Startling him, there came a knock on the apartment door.
With caution, LAN Duncan answered it. He found his neighbour Mr Stone standing there, looking nervous.
‘You weren't at All Souls?' Edgar Stone said. ‘Won't they check and find out?' He held in his hands Ian Duncan's corrected test.
Duncan said, ‘Tell me how I did.' He prepared himself.
Entering the apartment, Stone shut the door after him. He glanced at the TV set, saw Nicole seated with the oceanographers, listened for a moment to her, then abruptly said in a hoarse voice, ‘You did fine.' He held out the test.
‘I passed?'
Duncan could not believe it. He accepted the papers, examining them with incredulity. And then he understood what had happened.
Stone had conspired to see that he passed. He had falsified the score, probably out of humanitarian motives. Duncan raised his head and they looked at each other, neither speaking. This is terrible, Duncan thought. What'll I do now? His reaction amazed him, but there it was.

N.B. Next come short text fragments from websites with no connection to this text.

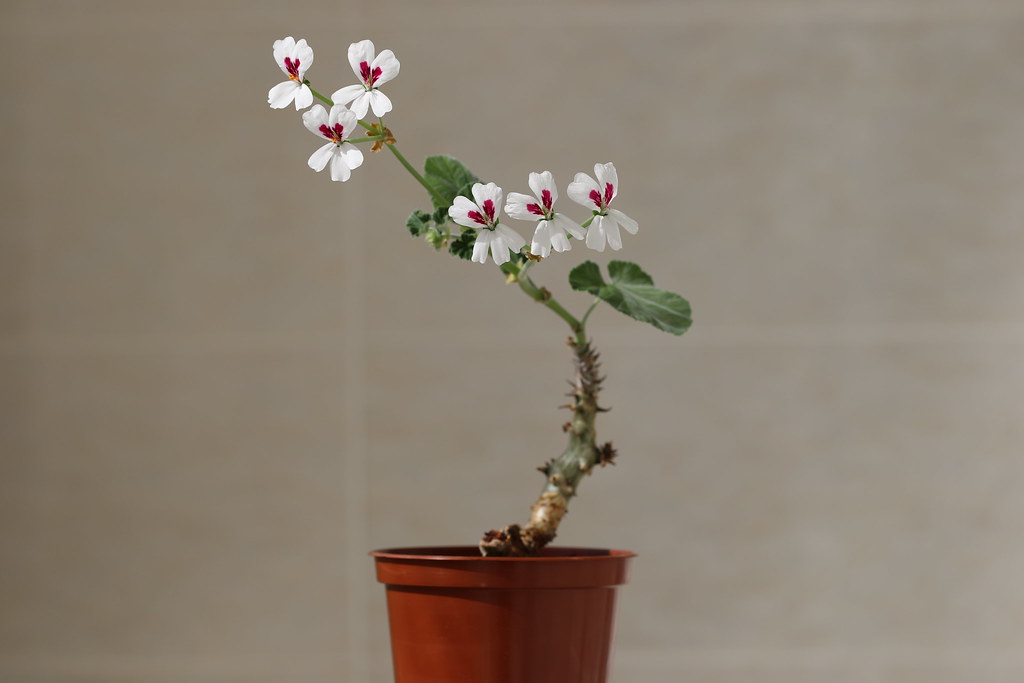 Pelargonium Echinatum no Vaso 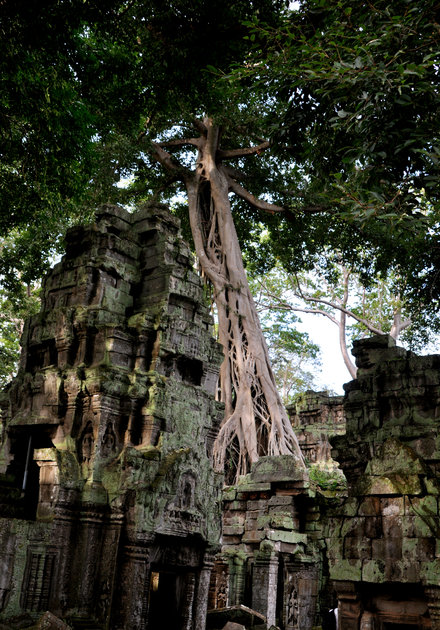 34_Angkor_Wat_15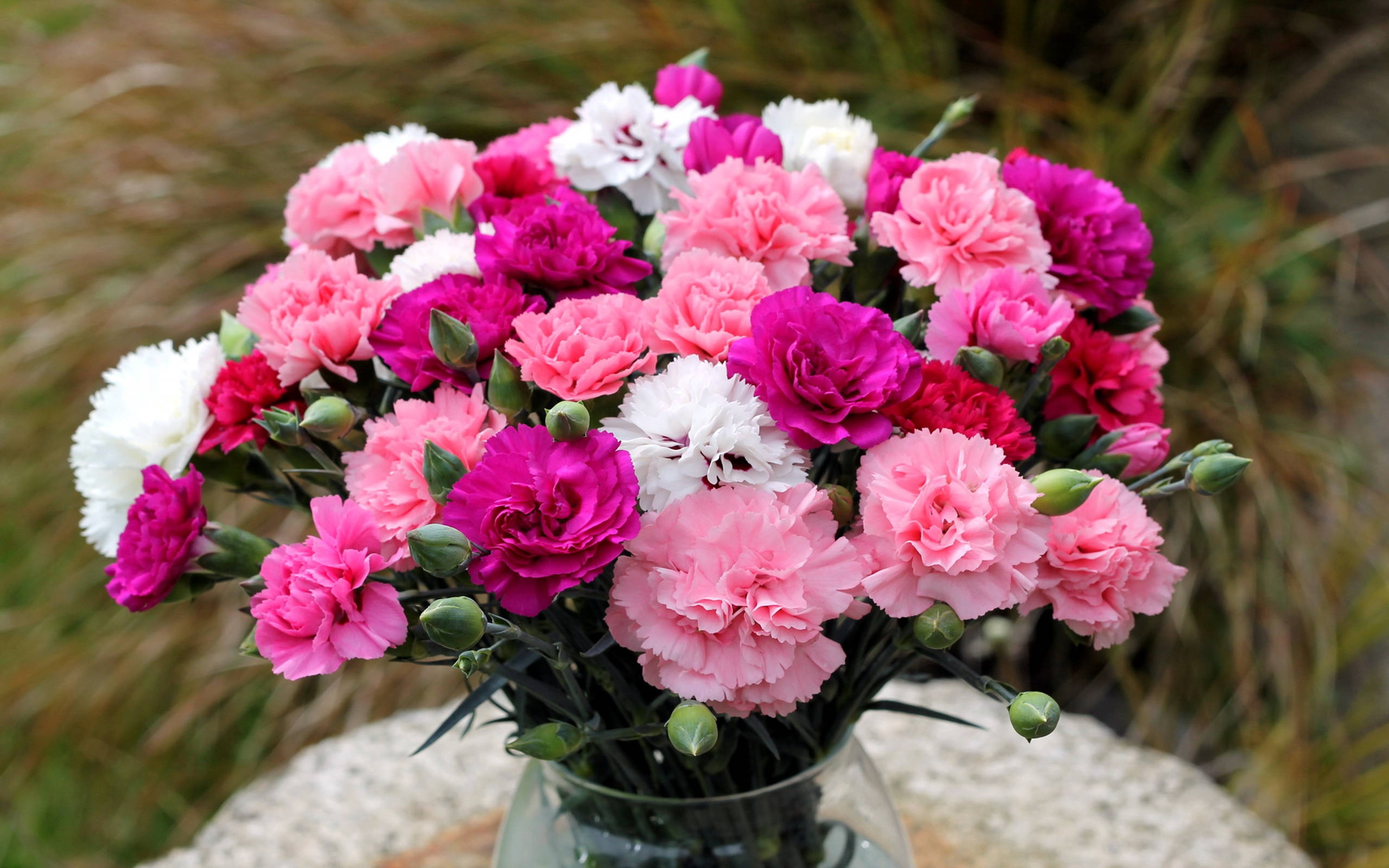 carnation centerpiece vase, pink magenta and white carnations, glass vase, 2K Desktop Wallpaper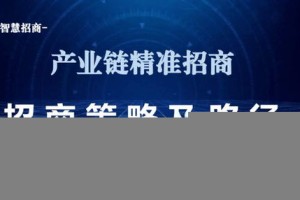 为确保精准跑狗图正版项目的成功实施，我们将采取以下实施方案进行测评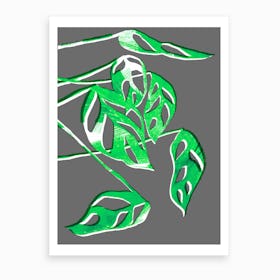 Monstera Obliqua In Grey And Green Art Print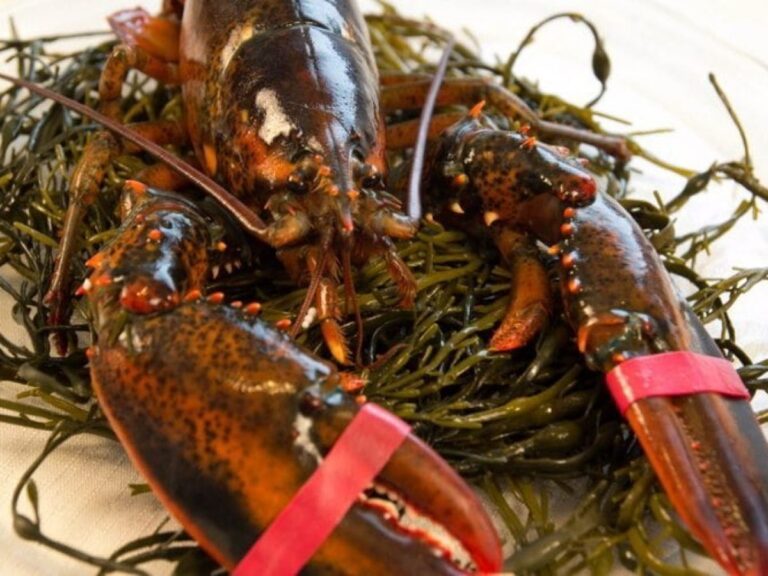 Featured image for lobster delivery from maine - Live Maine Lobster for Sale with ...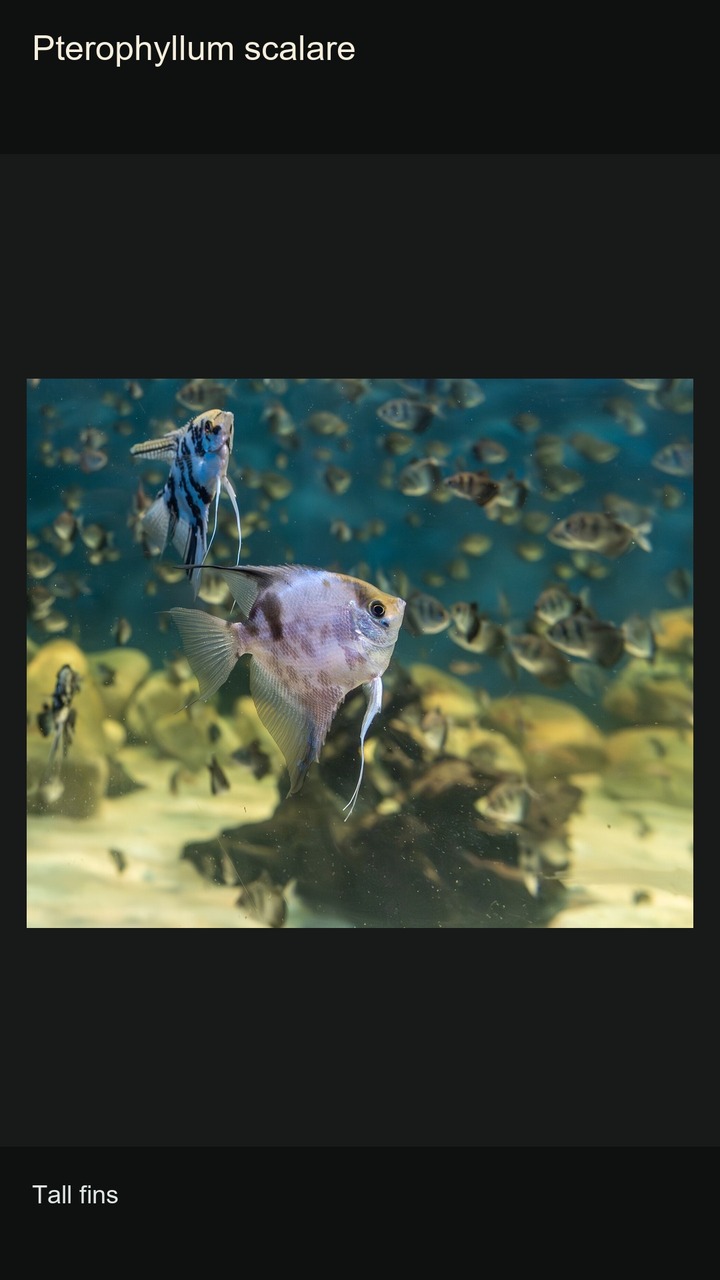 10 Cichlids: Colours and Profiles — 2:3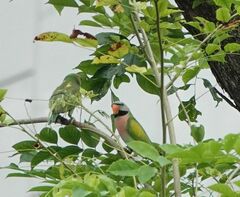 Psittacula alexandri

I wanted to fail, he realized. Why? So I can get out of here, so I would have an excuse to give up all this, my apartment and my job, say fork it and go. Emigrate with nothing more than the shirt on my back, in a jalopy that falls to pieces the moment it comes to rest in the Martian wilderness.
‘Thanks,' he said glumly.
In a rapid voice, Stone said, ‘Y-you can do the same for me sometime.'
‘Oh yeah, be happy to,' Duncan said.
Scuttling back out of the apartment, Stone left him alone with the TV set, his jug and the falsely corrected test papers, and his thoughts.
3
One would have to go back to the year 1994, the year that West Germany entered the Union as the fifty-third of the United States, to understand why Vince Strikerock, an American citizen and an inhabitant of The Abraham Lincoln Apartments, was listening to der Alte on the television set while he shaved, the next morning.